Howard H. Seliger

Fellow: Awarded 1958

Field of Study: Molecular and Cellular Biology

Competition: US & Canada

Two major events have directed my scientific career. When I was about 10 years old, I saw my first firefly. It was at Camp Northover, New Jersey, run by the Christodora Settlement House on the lower East Side of Manhattan. From then on I became fascinated with light, and with how in the world this little insect that I held in my hand could produce light, when the only sources of light in my experience came from hot objects; sunlight, incandescent lights, and colored neon lights.

I graduated from Townsend Harris High School (1939) and from the City College of New York (1943). I served in the United States Air Force (1943-1946), and through the GI Bill received my M.S. in physics from Perdue University (1948).

From 1948 to 1958 I was a senior physicist in the Radioactivity Division of the National Bureau of Standards, Washington, D.C., specializing in the preparation and absolute measurement of radioactivity standards using ionization chambers and 4 pi counting chambers. During this time I enrolled part time (also under the GI Bill) at the University of Maryland and received my Ph.D. in physics (1954). At the NBS I developed a method of measurement of intensities of radioactive emissions by the light photons they produced in crystal and liquid scintillators coupled to sensitive phototubes, eventually leading to the ability to detect single photons. Later, at Johns Hopkins, I applied these techniques to measure the chemiluminescence of cigarette smoke. But I am getting ahead of myself.

At an international conference in France, W. F. Libby apparently heard my paper on radioactivity measurement and recommended me to the Guggenheim Foundation as a possible applicant for a fellowship. The award of the fellowship (1958) marked the definitive turning point in my career. I had heard that W. D. McElroy, Chairman of the Biology Department at The Johns Hopkins University, was working on the biochemistry of the light production by fireflies and had recently isolated the enzyme (luciferase) responsible for catalyzing the light reaction and the substrate (luciferin). Here was the perfect opportunity to apply my photon scintillation measurement techniques and spectroscopy expertise (physics) to the study of enzyme reactions in fireflies (biochemistry), the fulfillment of my lifelong fascination with the light emitted by fireflies. I came to see him, and within the hour he welcomed me into his department.

I spent my Fellowship year (1958) in the Biology Department, working with McElroy, and made the first measurement of the quantum yield of the firefly light reaction (~ 87%), using purified components—evidence of natural selection for optimization. From that first moment, I knew I had found an ideal home at Hopkins for my scientific career. It would encompass bioluminescence—of fireflies, and eventually of bacteria, phytoplankton, fish and ctenophore marine species, both in the laboratory studies and in their natural habitats to demonstrate natural selection for optimization.

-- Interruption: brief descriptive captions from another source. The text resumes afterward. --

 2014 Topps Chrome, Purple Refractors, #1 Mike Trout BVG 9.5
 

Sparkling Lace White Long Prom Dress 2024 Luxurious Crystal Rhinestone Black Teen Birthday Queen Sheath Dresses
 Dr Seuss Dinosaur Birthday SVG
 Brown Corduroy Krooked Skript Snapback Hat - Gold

We made the first measurements of the species-specific flash patterns of fireflies in their natural environment. We showed that the species-specific colors of the bioluminescence of fireflies represented natural selection for the optimization of the ratio of light signals to interfering ambient light intensities (noise) at the times of their emergence. In collaboration with the firefly entomologist Jim Lloyd and Bill Biggley (my assistant) we measured the emission spectra of more than 100 firefly species.

McElroy introduced me to phytoplankton in bioluminescent bays in Jamaica, West Indies, and after a few years we unraveled the mechanism for the growth, migration, and retention of algal blooms in bioluminescent bays, a two-layer subsurface flow. I then showed that this same mechanism was common, not only for bioluminescent phytoplankton blooms in bays and coastal waters (Chesapeake Bay, Florida, Puerto Rico, the Pacific islands, the kingdom of Brunei Darussalam), but for the formation, migration, and retention of all phytoplankton blooms.

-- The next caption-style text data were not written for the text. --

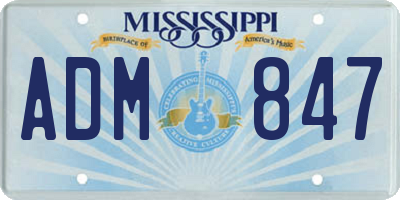 MS license plate ADM847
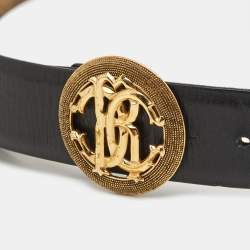 Pre Owned Roberto Cavalli Black Leather RC Logo Round Belt 90CM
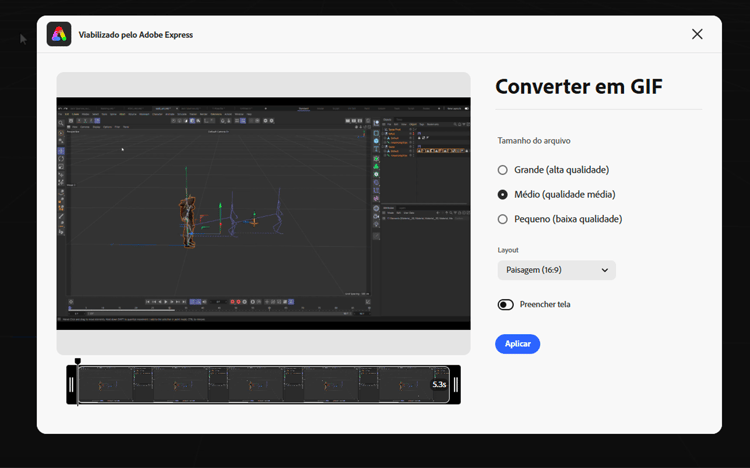 Converter vídeo em GIF com Adobe Express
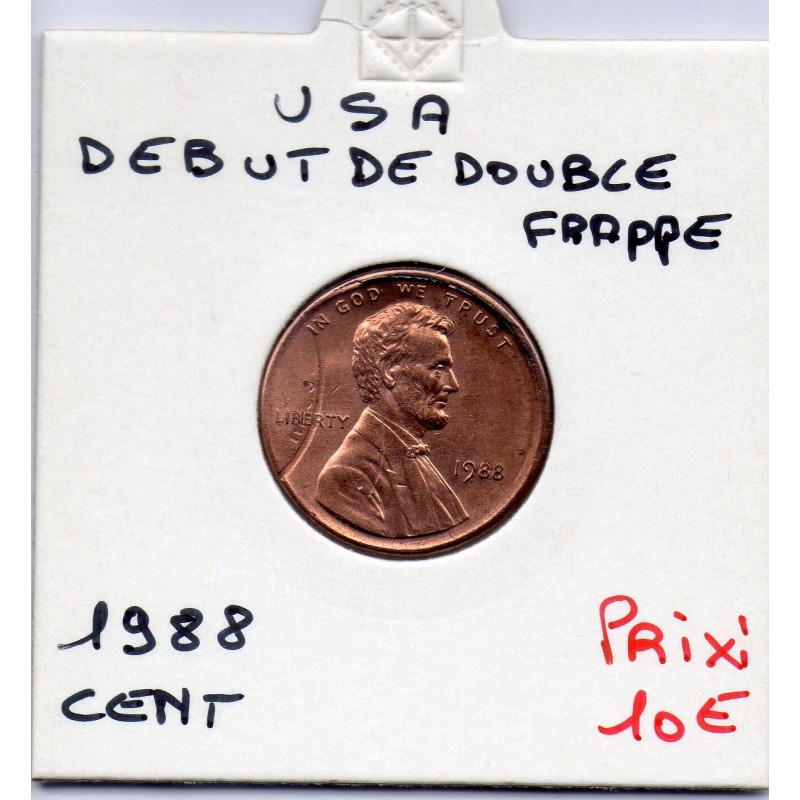 Etats Unis 1 cent 1988 Sup, trace de refrappe pièce de monnaie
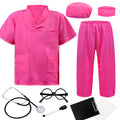 9-Piece Doctor Costume for Kids & Toddlers – Pink Scrubs Set with Real Stethoscope, Ages 3-12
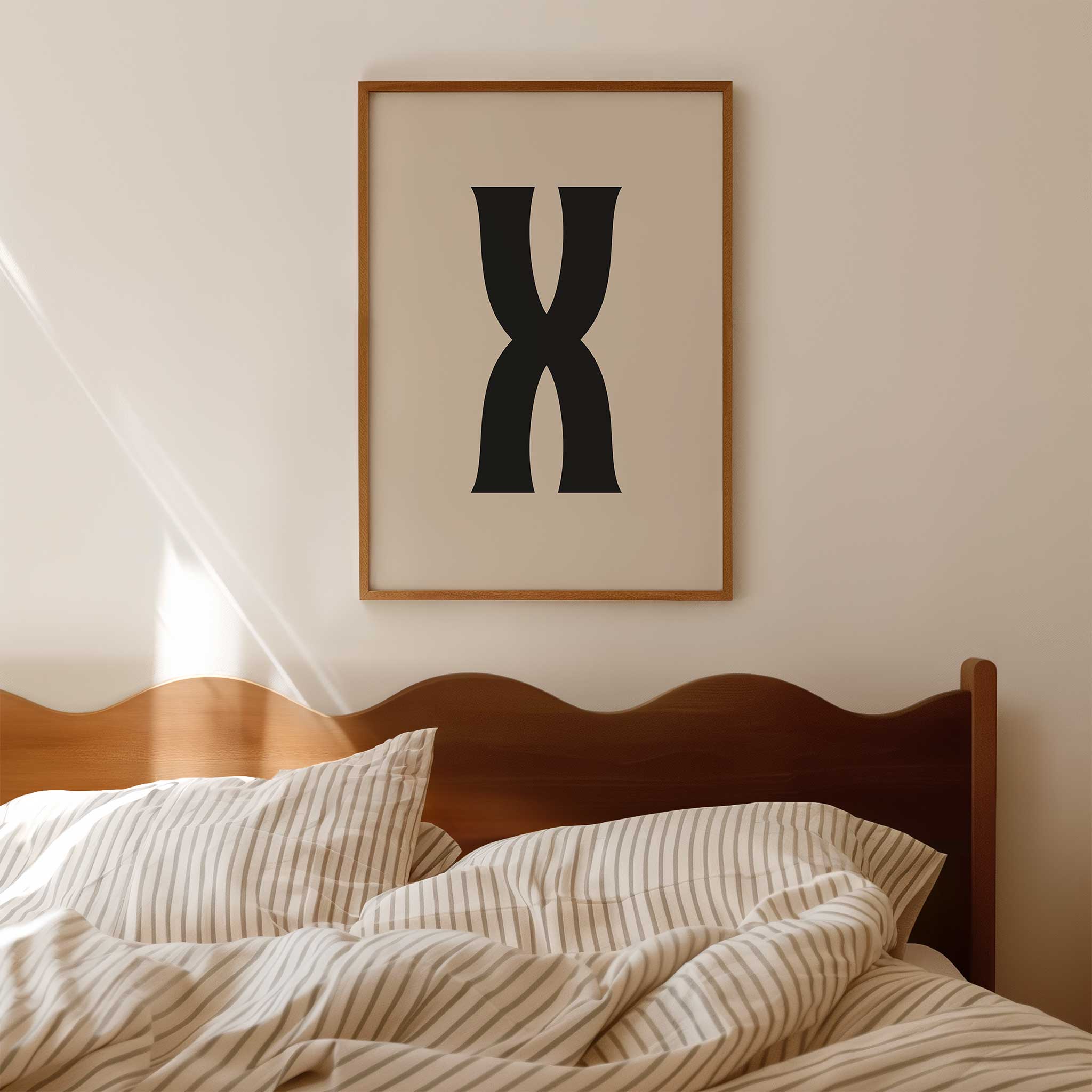 Elegant letter 'X' monogram, modern wall decor for a minimalist aesthetic, titled 'Modern Monogram Art Print - X'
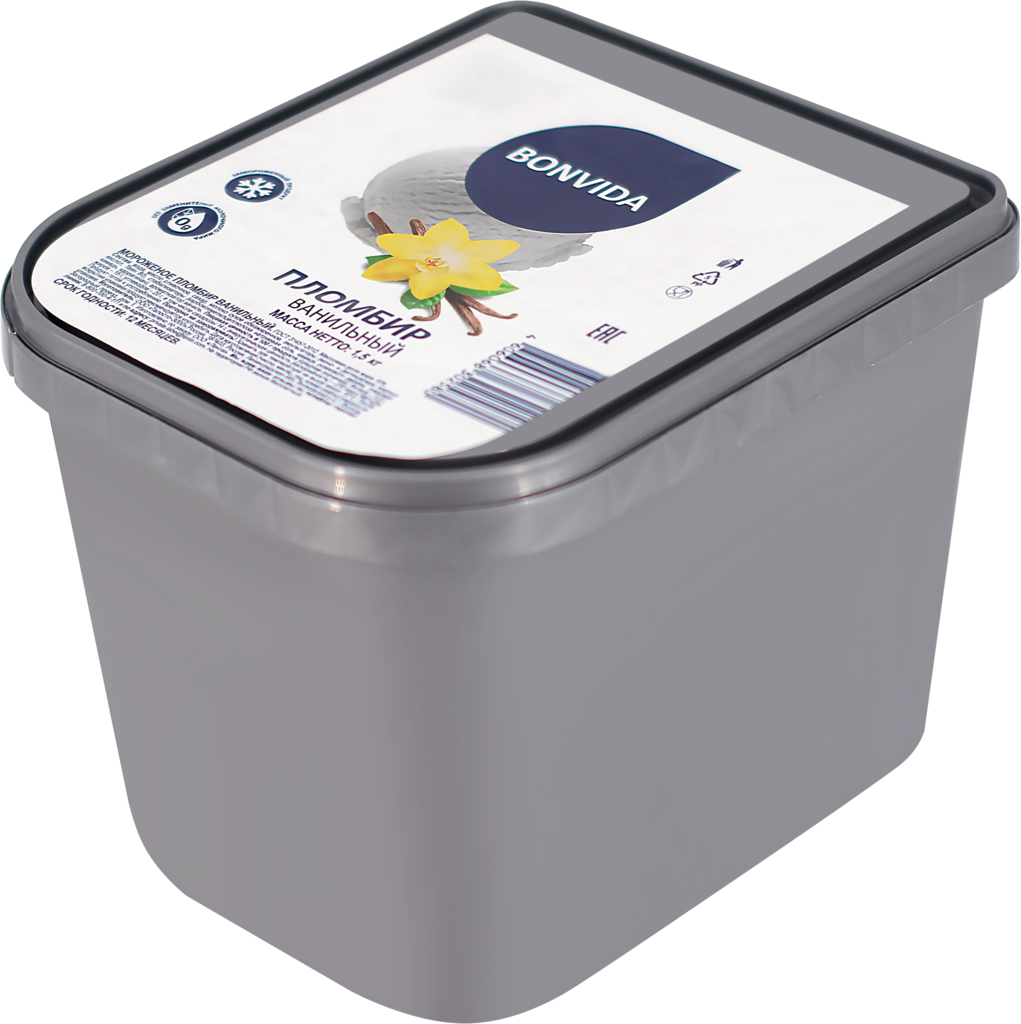 Изображение товара Мороженое BONVIDA Пломбир ванильный 12% 1500г без змж в контейнере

From studies of bacterial bioluminescence, I deduced a mechanism for the origin of bioluminescence in these simplest of organisms (excited states resulting from oxygenase reactions) a mechanism applicable to bioluminescence in all species. My preoccupation with correlating light with the behavior of biological organisms led to the study of blue and UV polarization sensitivity in foraging insects, and finally to the measurement of the precision of short-term and long-term color memory in humans as a possible sensitive diagnostic for memory loss.

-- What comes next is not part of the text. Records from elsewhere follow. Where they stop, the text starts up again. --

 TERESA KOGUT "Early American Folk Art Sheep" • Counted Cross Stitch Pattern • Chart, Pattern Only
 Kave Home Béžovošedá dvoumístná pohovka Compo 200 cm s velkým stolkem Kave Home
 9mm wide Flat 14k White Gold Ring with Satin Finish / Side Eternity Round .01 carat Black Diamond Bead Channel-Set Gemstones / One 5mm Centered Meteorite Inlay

In summary, I spent 10 years at the National Bureau of Standards learning and developing measurement techniques, and 40 years at Johns Hopkins (I am now Professor Emeritus), fulfilling my boyhood fascination with bioluminescence. I owe the Guggenheim Foundation my profound gratitude for making this career change possible. In addition, I have been fortunate, during my scientific career, to have been able to determine the directions of my research independently.